:: Record excerpts

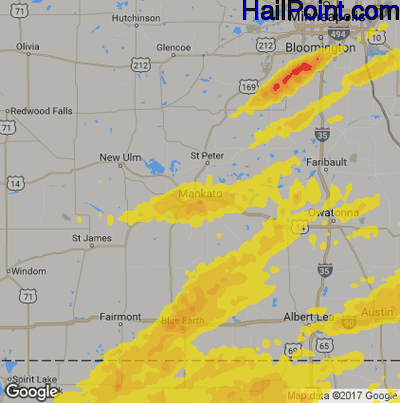 Hail Map for Mankato, MN Region on July 18, 2019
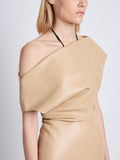Detail image of model wearing Rosa Dress In Nappa Leather in LIGHT KHAKI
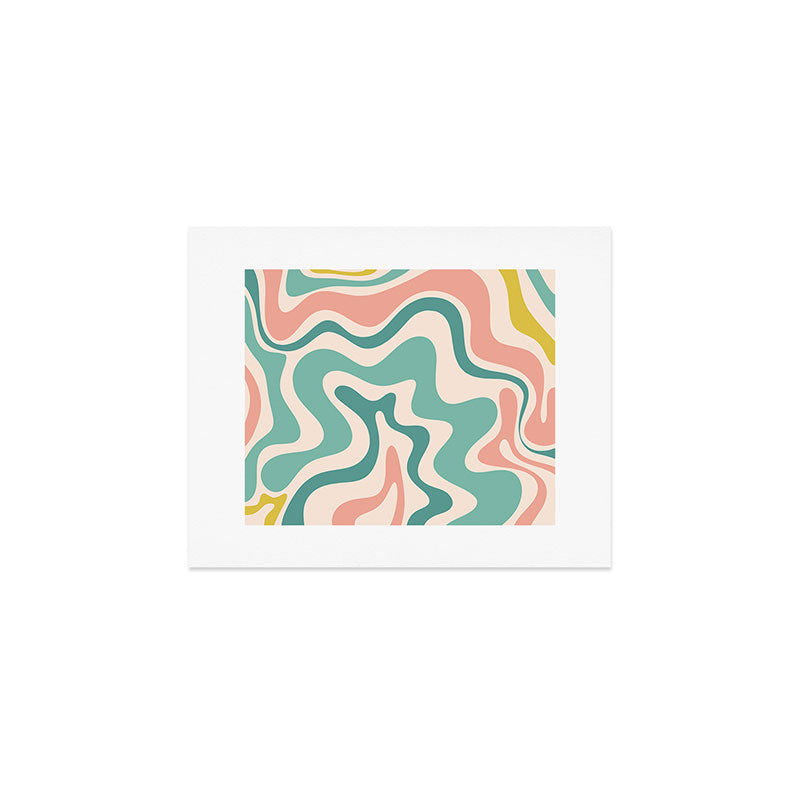 Retro Liquid Swirl Abstract Pattern Teal Blush Pink Mustard 4 Art Print Gallery Image 1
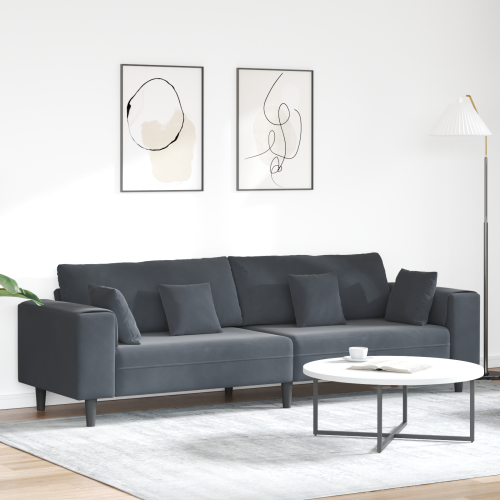 vidaXL Soffa Mörkgrå 250 x 77 x 76 cm Sammet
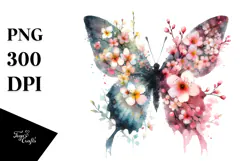 Grungy Butterfly with Spring Flowers PNG Product Image 1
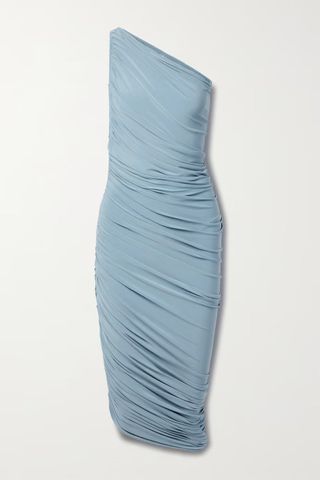 Norma Kamali + Diana One-Shoulder Ruched Stretch-Jersey Midi Dress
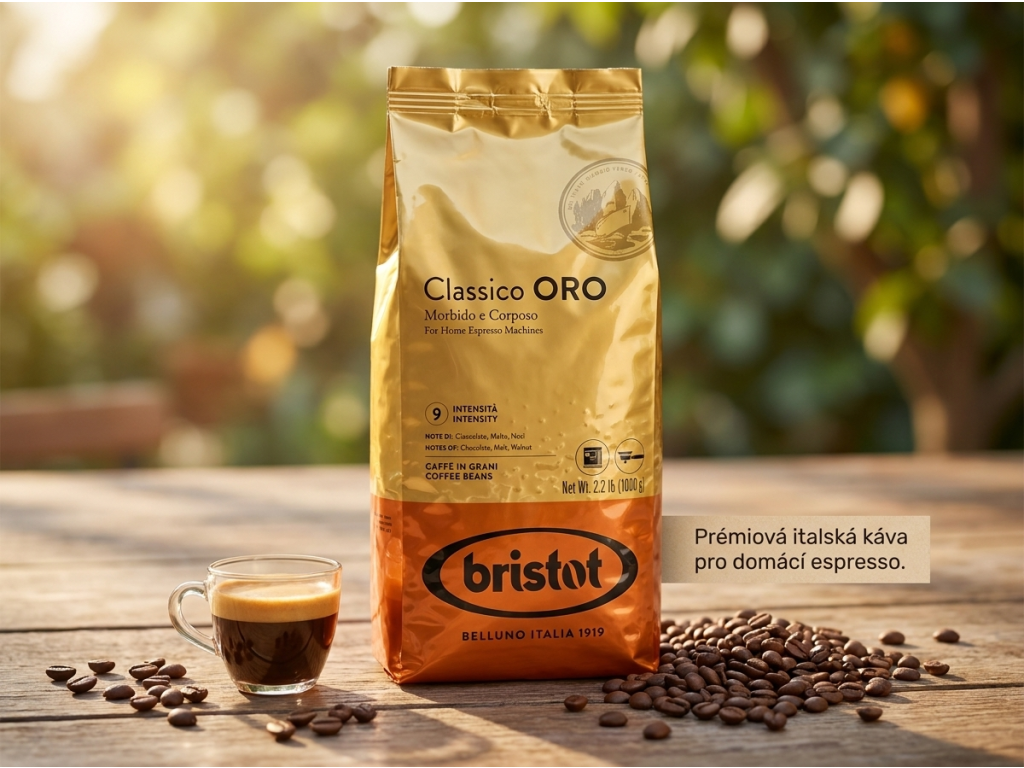 Bristot Classico Oro zrnková káva 1 kg - srovnání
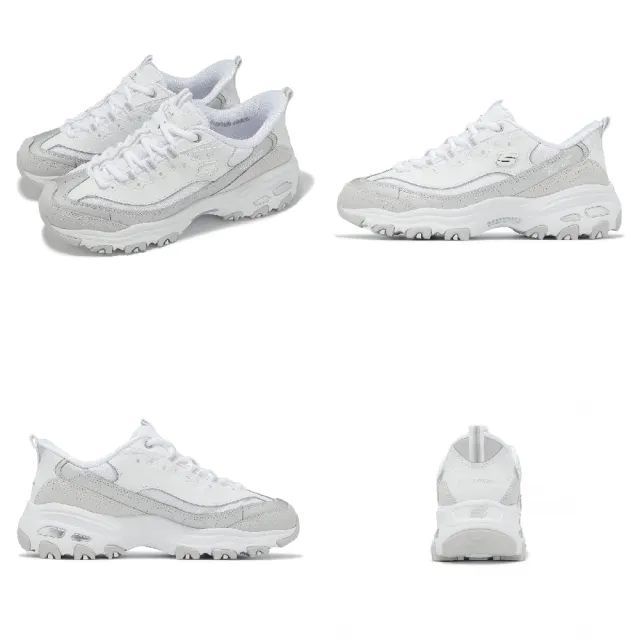 【SKECHERS】休閒鞋 D Lites-Smooth Slip-Ins 女鞋 白 銀 緩衝 拼接 老爹鞋(150537-WSL)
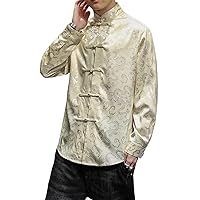 Men Long Sleeve Prints Shirts Men Casual Traditional Chinese Style Vintage Shirt Mens Streetwear Shirts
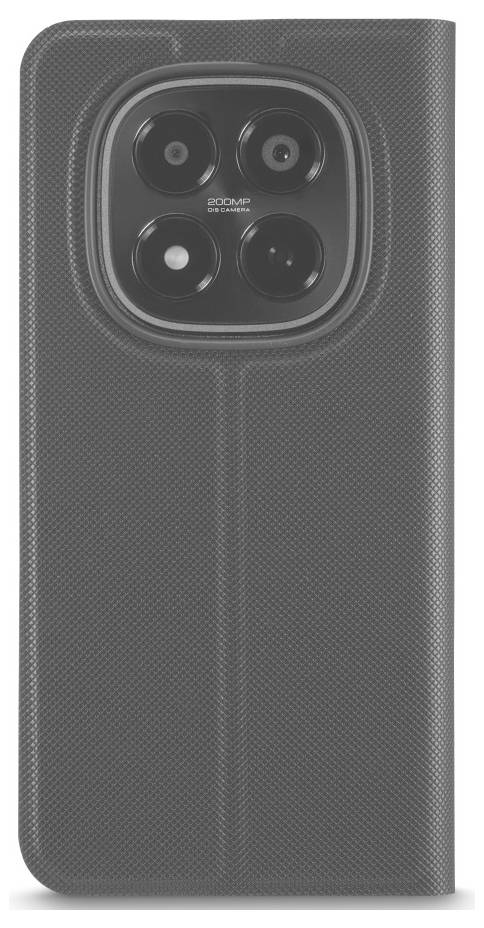 Sivý textúrovaný obal na smartphone s veľkým štvorcovým výrezom pre štyri fotoaparáty v hornej časti zadnej strany.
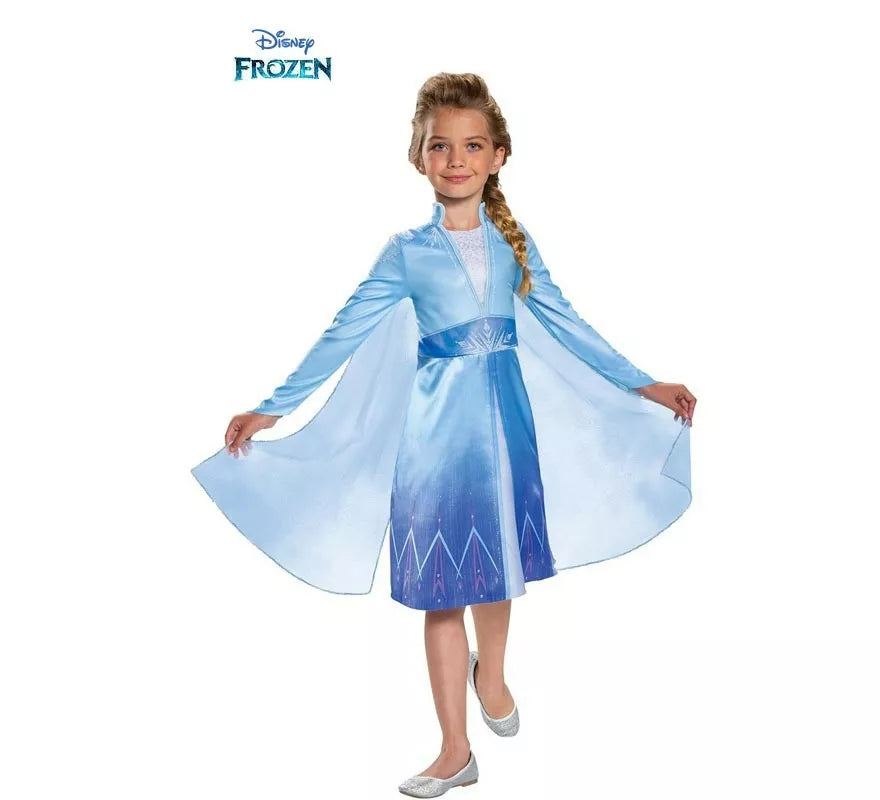 Translation missing: de.Disfraz de Elsa Viajera Disney Frozen clásico para niña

::::

* What you will do *
Reproduce the data above exactly, but only the lines from the one showing "vidaXL Soffa Mörkgrå 250 x 77 x 76 cm Sammet" through the one showing "緩衝 拼接 老爹鞋(150537-WSL)", with both ends kept and the pictures left out.

* Exercise output *
 vidaXL Soffa Mörkgrå 250 x 77 x 76 cm Sammet
 Grungy Butterfly with Spring Flowers PNG Product Image 1
 Norma Kamali + Diana One-Shoulder Ruched Stretch-Jersey Midi Dress
 Bristot Classico Oro zrnková káva 1 kg - srovnání
 【SKECHERS】休閒鞋 D Lites-Smooth Slip-Ins 女鞋 白 銀 緩衝 拼接 老爹鞋(150537-WSL)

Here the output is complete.